In the fall of 1993, our family joined a Baptist church in the city and tried our hardest to embrace the work of the church. We helped with the “Kids’ Church”, took part in the ministry to the homeless, taught small groups in people’s homes, preached an occasional Sunday a.m. service, attended the weekly Pastor’s prayer meeting, helped organize our church’s participation with the city wide March for Jesus, etc.

In short, we helped out where ever and how ever we could.

The Beginning of the End

One day our assistant pastor was caught by the Boston police spying on a woman in her home at night. He was a married man whose main ministry at the church was counseling and helping people with very personal problems. The tragedy of the situation is not the sin itself, but rather the fact that the church “body” had no idea of his darker side. The church “family” was completely blindsided by the event and embarrassed. The wide range of different opinions regarding the proper way of dealing with this situation reached from biblical counsel to all sorts of solutions that seemed to tear our body into different factions. The church leadership asked outside (professional) counsel to intervene. Maria and I were stunned.

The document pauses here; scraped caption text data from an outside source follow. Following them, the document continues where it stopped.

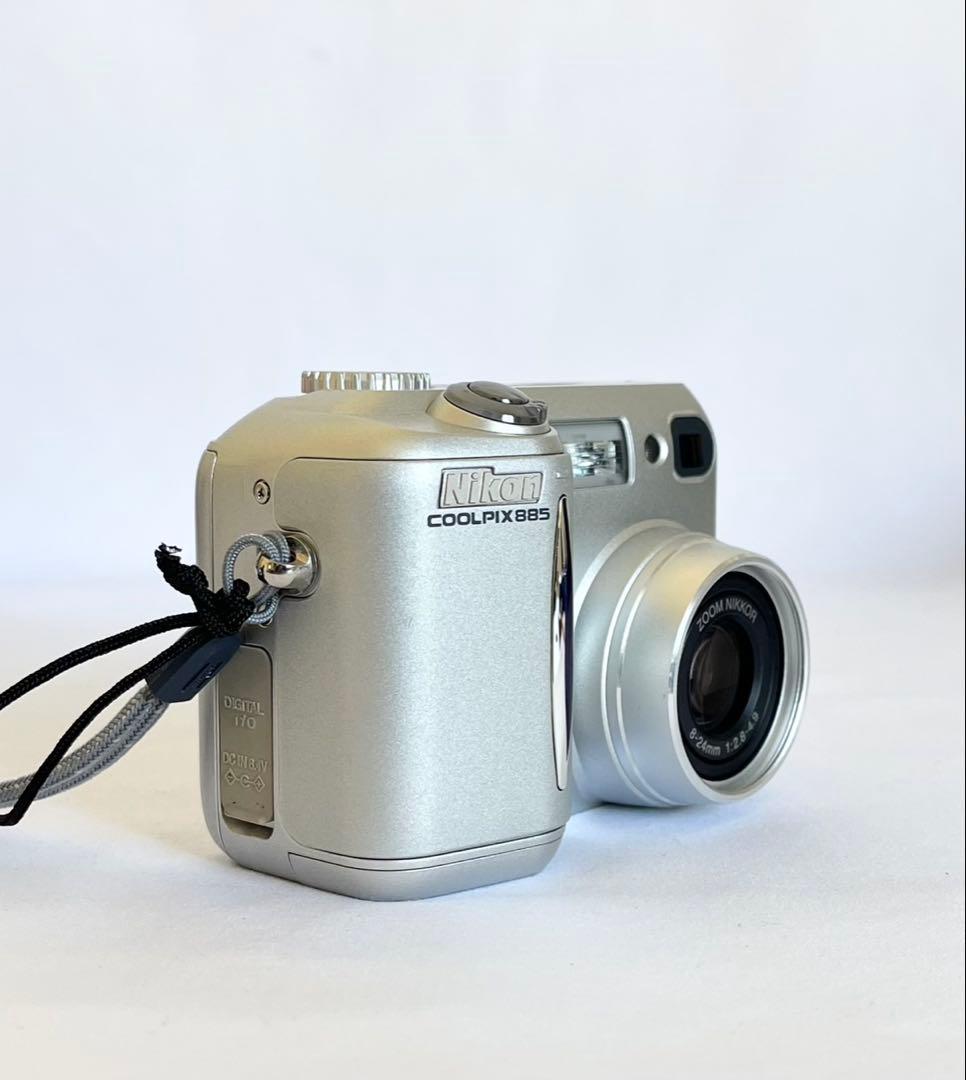 【完動品】Nikon Coolpix 885 デジタルカメラ 動作確認済み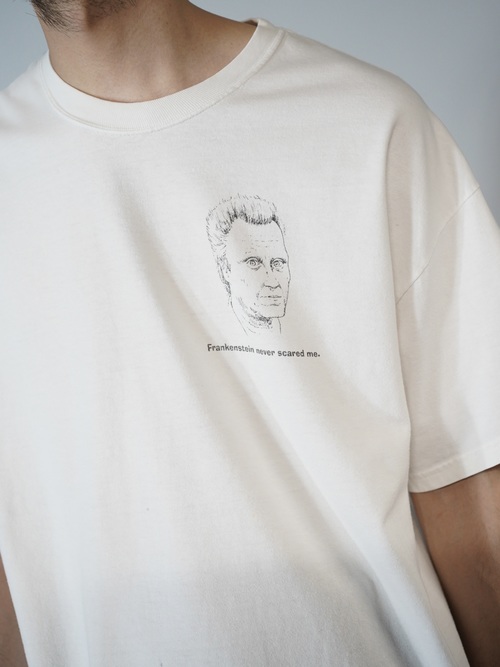 Frankenstein never scared me 両面print T-shirt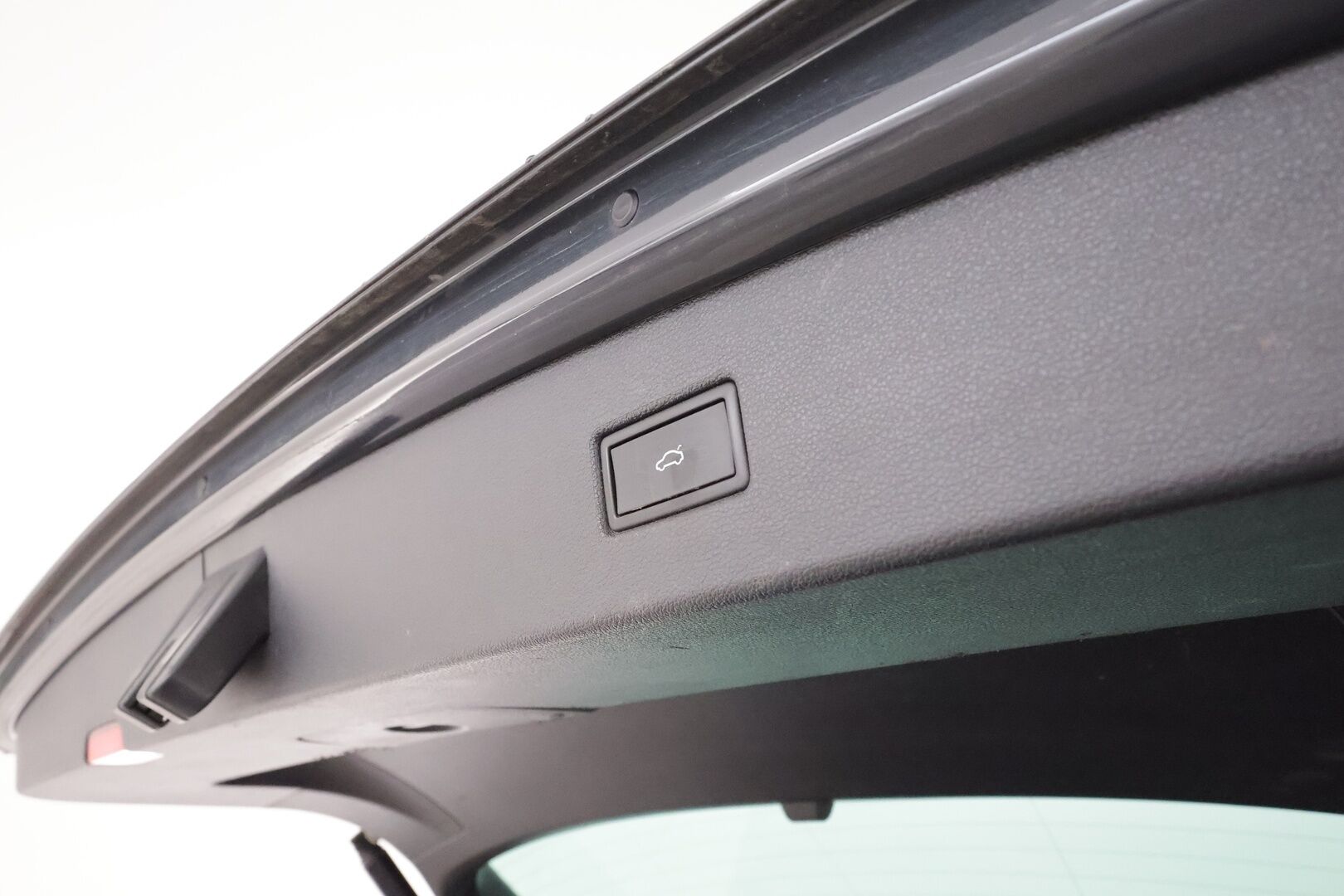 Volkswagen Tiguan 2022 Style 1,5TSI Business 110 kW DSG / 1.Om Suomi-auto / Webasto / Adapt.vakkari / iQ.Light / P.kamera / Koukku - Digimittari / KeyLessGo / Kahdet hyvät renkaat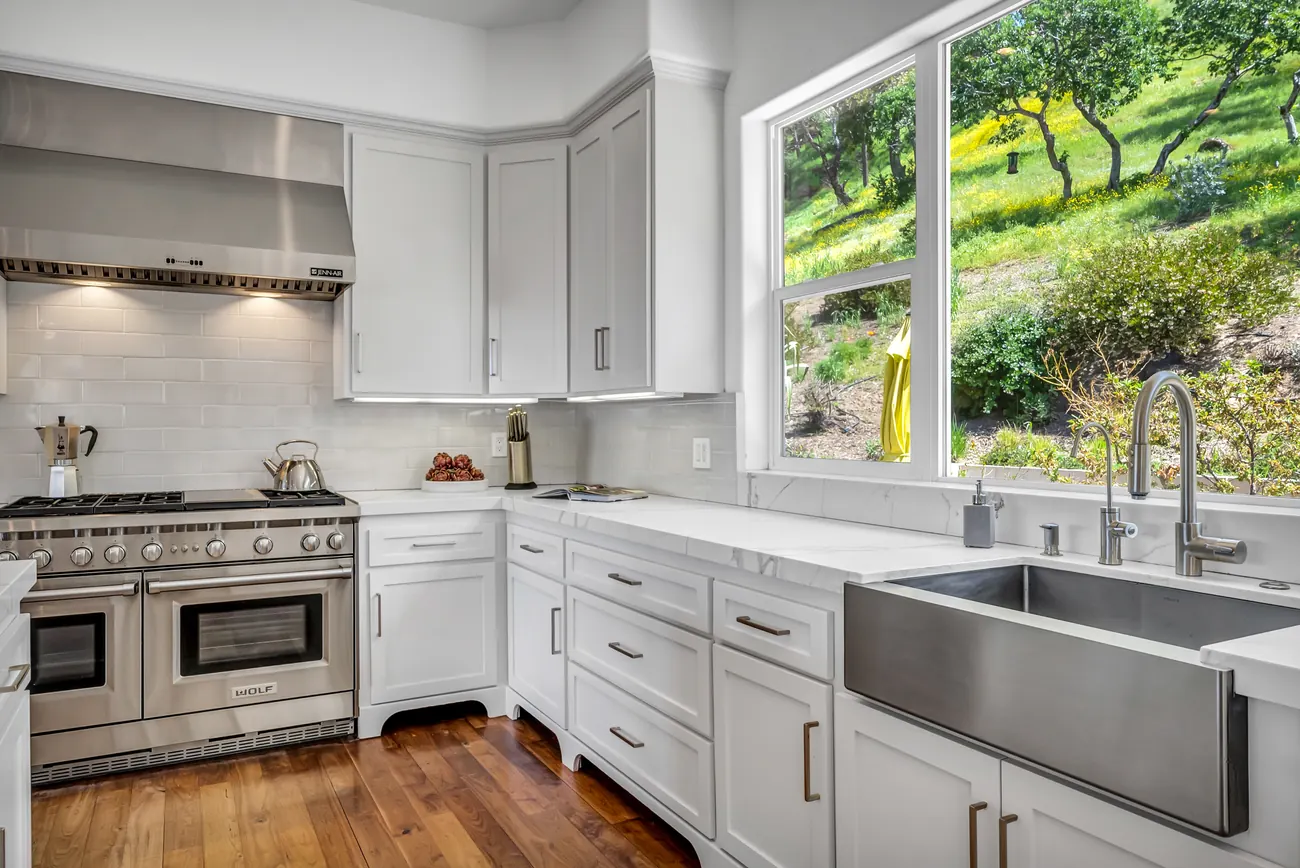 Chef's kitchen, Wolf range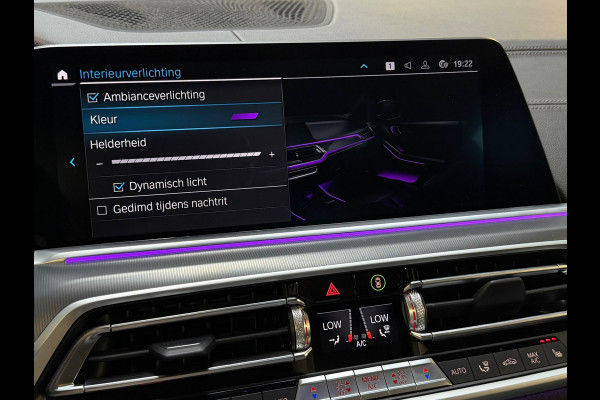 BMW X5 XDrive45e High Executive M-SPORT|PANO|HuD|SKY LOUNGE|360CAM|ACHTERASBESTURING|SFEERVERLICHTING|22INCH|394PK|BOMVOL!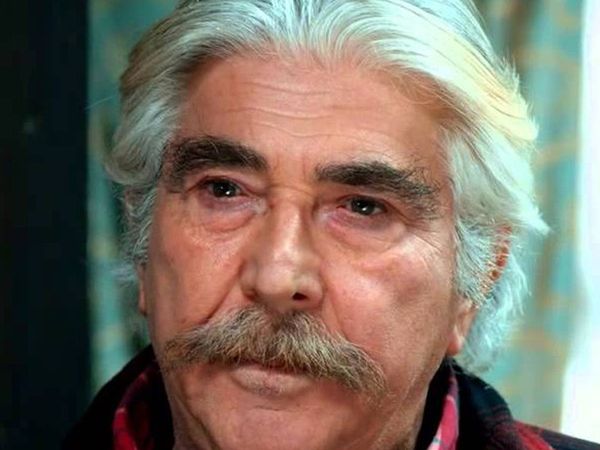 Erdal Özyağcılar hangi dine mensup?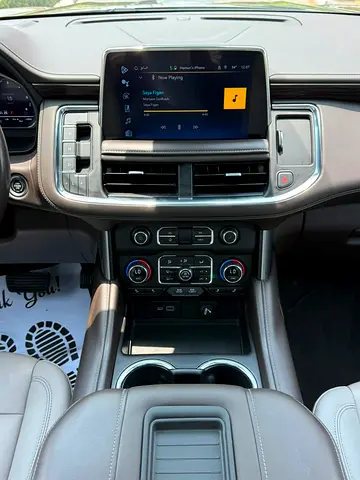 2023 Chevrolet SUBURBAN 缩略图 11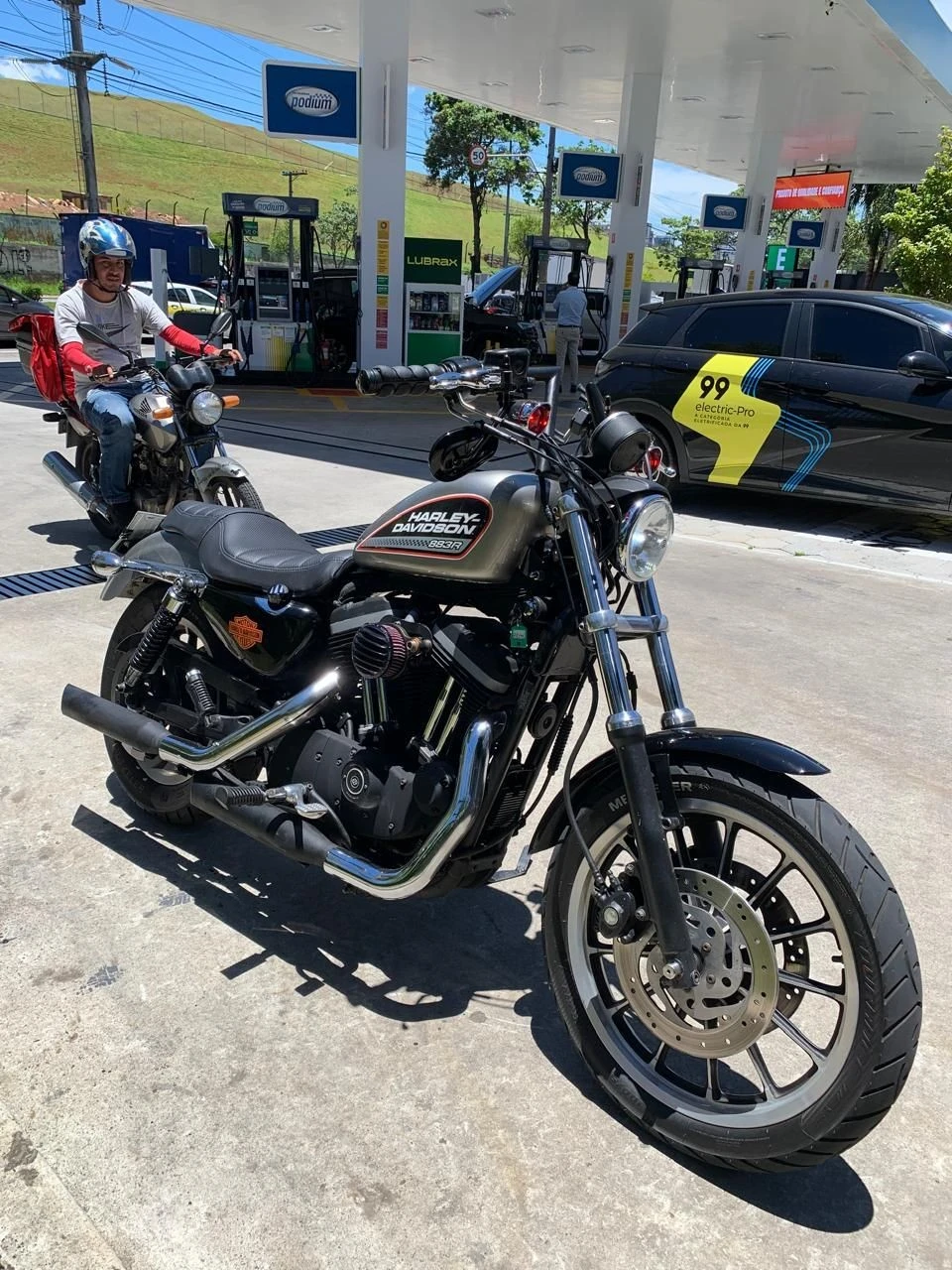 HARLEY-DAVIDSON SPORTSTER XL 883 R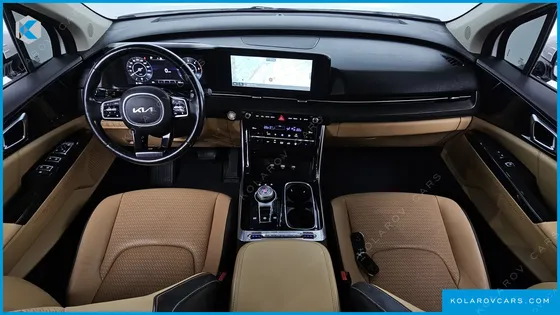 KIA CARNIVAL DIESEL 7-SEATER SIGNATURE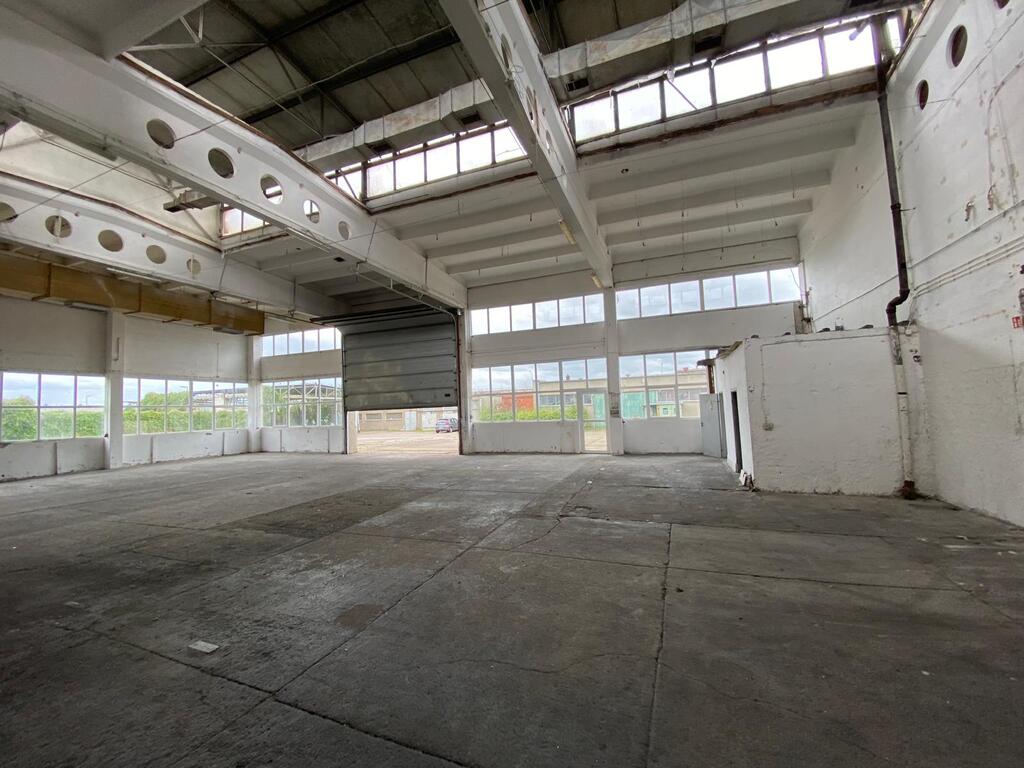 Hala magazynowo-produkcyjna z suwnicą (3)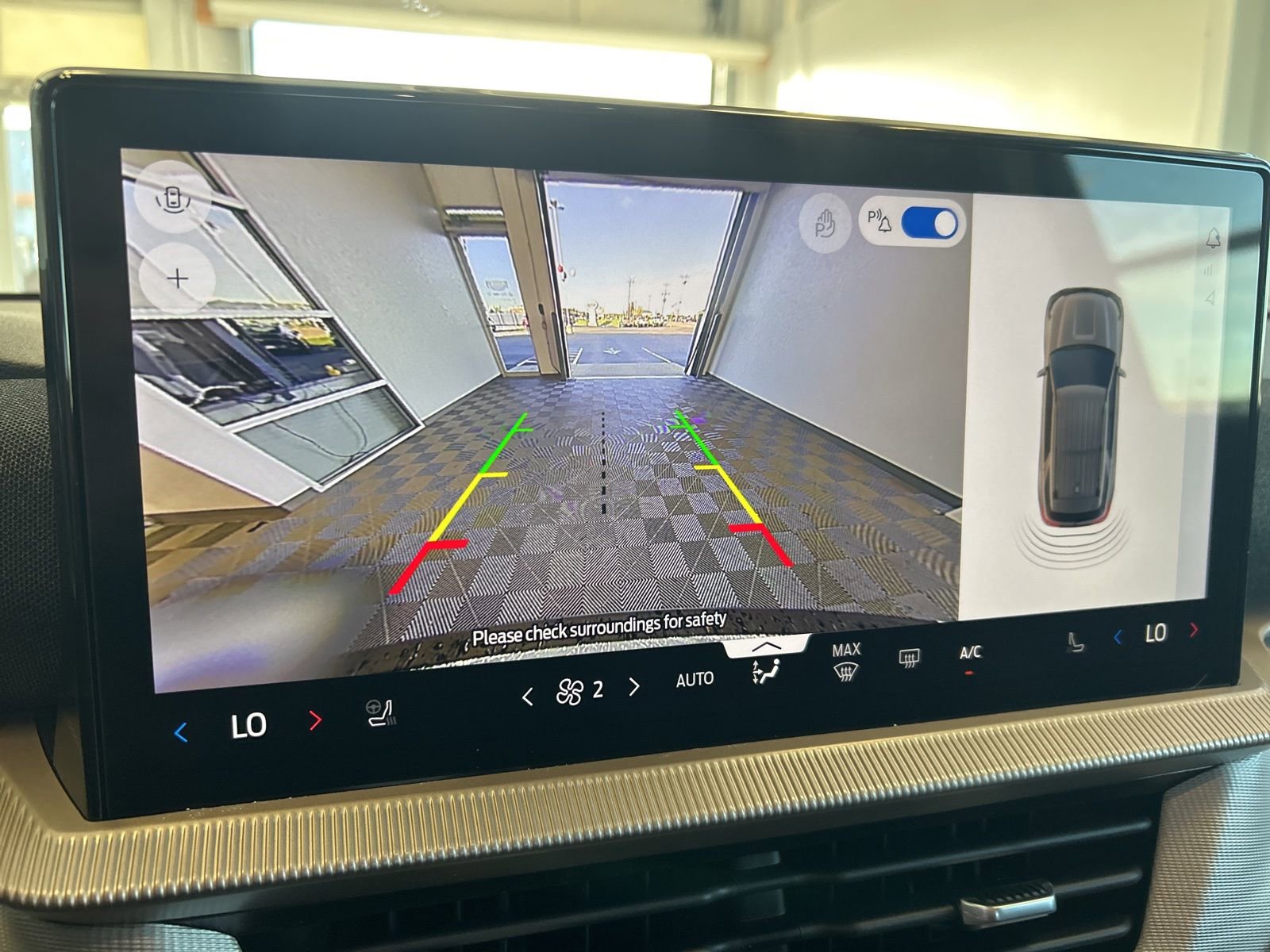 New 2026 Ford Explorer Active w/ Active Comfort Package image 31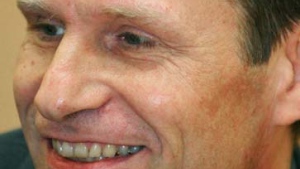 3252907676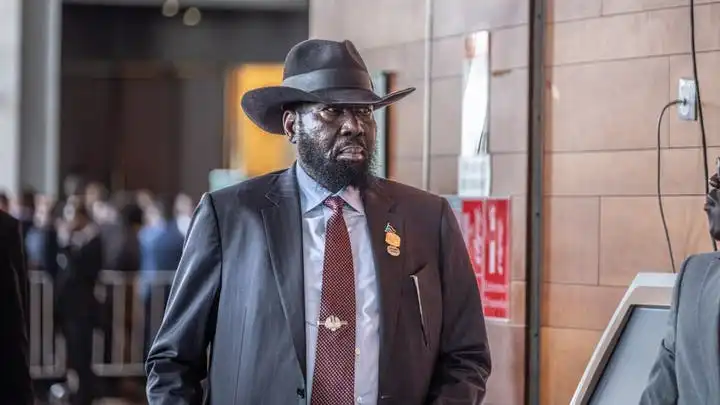 سلفا كير يحلّ حكومته تمهيدا لأول انتخابات في جنوب السودان 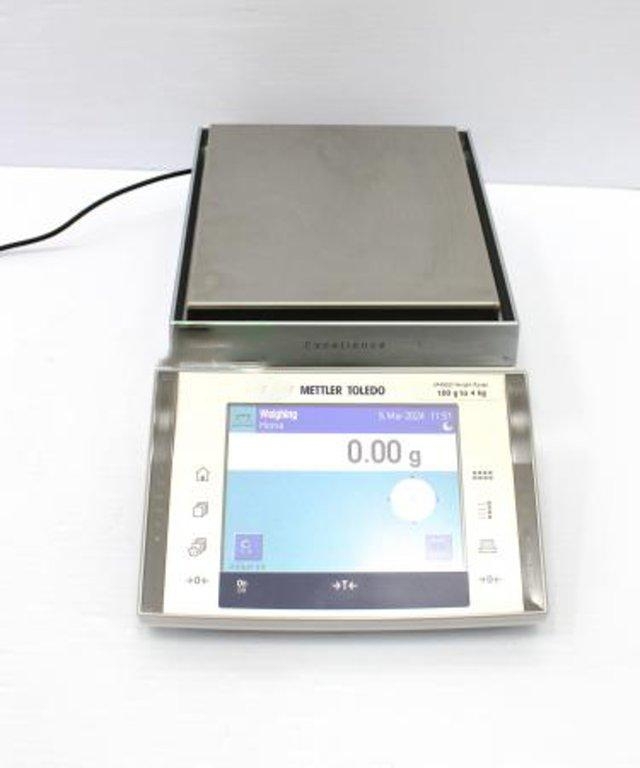 Mettler-Toledo XP4002S Precision Balance with 0.01g Accuracy and 120V Operation
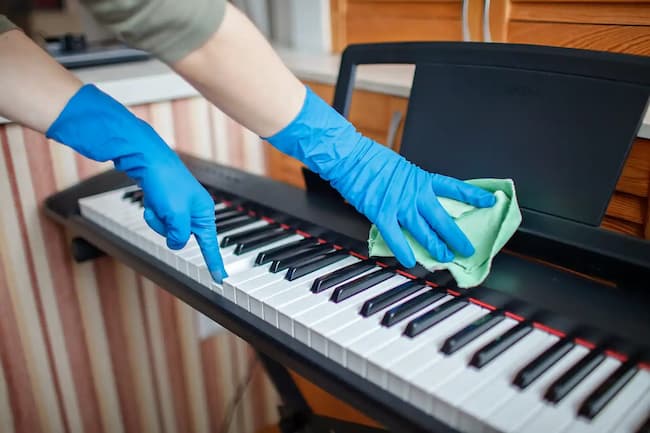  how to clean sticky digital piano keys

At this point we started to ask ourselves the (very dangerous) question: “Just what is the church?”

If church was a family – how would a family deal with a situation like that?. This situation provoked in us such a “holy anger/frustration” with church-as-we-knew-it, that we felt there must be another way.

Ironically, at this same time we were being wooed by the Holy Spirit to leave the challenging work of pioneering YWAM-Greater Boston to venture off into the Muslim world in Tajikistan to try our hand at a “church planting work” with a small team.

We could not have been more perplex if we had tried: Convinced that “church as we knew it” was broken and in need of a major overhaul we were heading out to do church planting in Tajikistan with only this one type of church background in our Christian experience!

“The answers are all in Acts.”

Providently, the Lord put us together with Floyd McClung (former YWAM leader) in 1999 in Colorado to do a 10-month training school that focused on planting “cell-based churches” amongst the unreached nations. In this training period – which funny enough ended up with me working at Wal-Mart for 3 months – we caught a glimpse of how church planting could work and how church could look different. (You can keep current with the McClungs ministry at

One major spiritual event that happened during this “preparation period” took place as we were waiting for our work visas to enter Tajikistan. We had flown into Germany at the beginning of 2000 and spent about 2-3 months waiting for the visa situation to be worked through. At this time I took daily walks with the Lord around my wife’s hometown, asking for guidance and spiritual input. Then suddenly, like a blot of lightening out of the heavens, the Lord spoke to me and said that “The answers are all in Acts.”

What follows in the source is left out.